On l’attendait depuis 2020, la crise sanitaire et son contrecoup économique. Tous les trois ans, une vingtaine d’enquêteurs de l’Atelier parisien d’urbanisme (Apur) arpentent les 6 500 rues parisiennes pour un recensement en «dentelle» des commerces de la capitale : ces derniers ont comptabilisé 60 846 commerces dans Paris intra-muros, soit 842 de moins que lors du dernier recensement, traduisant une bonne résistance de l’activité marchande aux chocs des confinements. L’adjoint de la mairie de Paris chargé du commerce, Nicolas Bonnet Oulaldj, sourit de soulagement derrière son pupitre installé en ce mercredi matin dans l’une des salles de l’hôtel de ville : «La catastrophe a été évitée.» «La crise sanitaire est derrière nous, même si elle a laissé quelques traces», complète Soumia Malinbaum, présidente de la Chambre de commerce et de l’industrie (CCI).
Cette enquête confirme que l’hypercentre et sa vingtaine de quartiers répartis entre les quatre premiers arrondissements, en plus des VIe et VIIIe, sont l’eldorado des «commerces de déplacements» chers aux touristes et aux non-résidents de la capitale venus faire du shopping. Alexandre Labasse, directeur général de l’Apur, désigne ainsi ces 8 757 boutiques, la concentration la plus dense de Paris, pour lesquelles les consommateurs bravent froid, métro et foules. En haut du podium, les galeries d’art (32 %) et les enseignes de créateurs comme de fast fashion (20 %).
«Plus vite, plus pressé»
Problème, les loyers s’envolent et les vrais habitants, clients du quotidien, se font rares. CQFD. La présidente de la CCI abonde, les tarifs actuels «sont beaucoup trop chers» pour les professionnels comme pour les habitants. La Mairie assure qu’elle compte approcher «bientôt» le gouvernement pour parler «encadrement de loyers». Ce Paris muséifié de l’hypercentre a la densité de population la plus faible, avec 178 habitants par hectare, contre 250 pour les arrondissements limitrophes. Il est clair que commerçants comme Parisiens sont boutés hors de leurs murs classés, direction les quartiers plus abordables si ce terme encore un sens avec un mètre carré moyen qui reste proche de 10 000 euros à Paris malgré le coup de froid provoqué par la hausse des taux sur le marché immobilier.

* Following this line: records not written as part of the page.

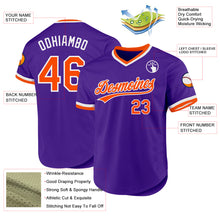 Load image into Gallery viewer, Custom Purple Orange-White Authentic Throwback Baseball Jersey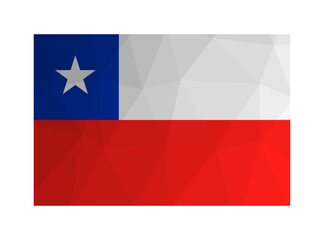 Naklejka premium Vector isolated illustration. National chilean flag with five-pointed star and in white, red, blue colors. Official symbol of Chile. Creative design in low poly style with triangular shapes.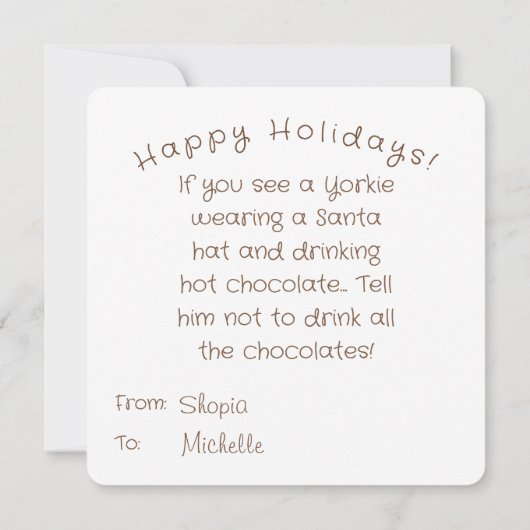 Adorable Christmas Yorkshire Terrier Card (Achterkant)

Grand gagnant, le Nord-Est de la capitale qui se gentrifie au détriment des classes populaires mais au bénéfice du commerce. Les XIe, XIVe et XIXe arrondissements se disputent ainsi le bout de gras du commerce de proximité. Au sommet, l’alimentation. Nicolas Bonnet-Oulaldj l’annonce comme un slogan, «93 % des Parisiens sont à moins de cinq minutes à pied d’une boulangerie.» Egalement dignes partisans du «plus vite, plus pressé», ils plébiscitent les supérettes et enseignes de centre-ville des géants de la grande distribution. Carrefour, pionnier de l’hypermarché, est le plus implanté avec 309 magasins sur les près de 550 répartis dans l’agglomération. Ses concurrents directs Auchan et Leclerc peinent à s’enraciner. Leur solution pour percer le marché : la nouvelle tendance du drive piéton, des courses faites en quelques clics disponibles en une heure ou deux.

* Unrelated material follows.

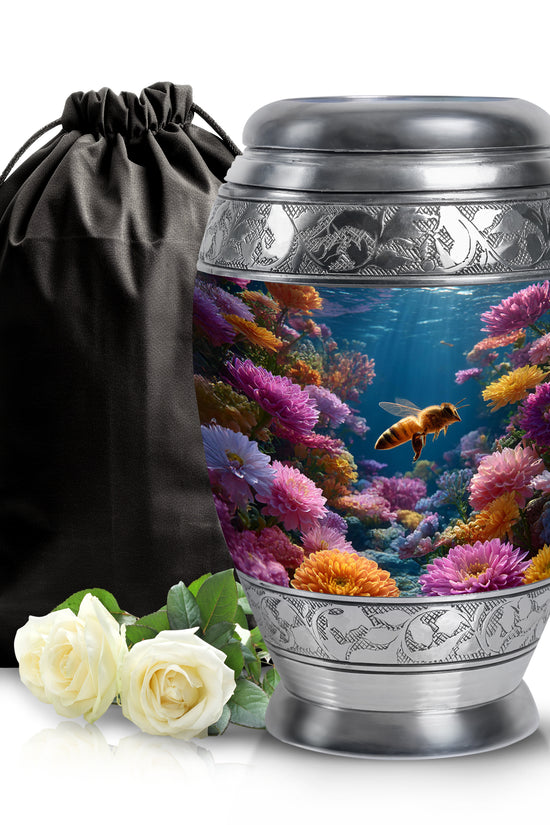 Dusty Blue Bee Cremation Urn back view with polished surface - regal bee design with crown-inspired accents - full-size 10 inch 200 cubic inch adult cremation urn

Mobilités douces et ongleries
Reflets des tendances de consommation et modes de vie, certains commerces ont explosé dans la capitale. Les revendeurs de CBD ou cannabidiol dont sont tirés fleurs ou huiles sans THC, ont explosé avec plus de 405 % d’implantation parisienne : 89 boutiques ont vu le jour entre 2020 et 2023. Autre tendance, les mobilités douces, vélo en tête. Les enseignes de vente, location et les ateliers de réparation augmentent de 39 %. Suivent les boutiques de seconde main, majoritairement d’habillement (28 %). Et la petite surprise, les ongleries (20 %). La Mairie garde d’ailleurs un œil sur ces derniers, certaines rues frôlant parfois «le monopole».
Cette étude, réalisée entre mars et avril 2023, ne s’intéresse aux commerces parisiens qu’avec une perspective économique. Impossible d’en savoir plus sur les tendances de consommation ou sur le profil social des habitants répartis entre le centre et le nord-est de la Seine. Cette séparation entre un Paris-musée et un Paris-habité sera prochainement mise à l’épreuve des Jeux olympiques et Paralympiques de Paris 2024 qui attireront des millions de spectateurs dans la capitale et ses environs : loger et divertir ces touristes sera un défi, les nourrir aussi.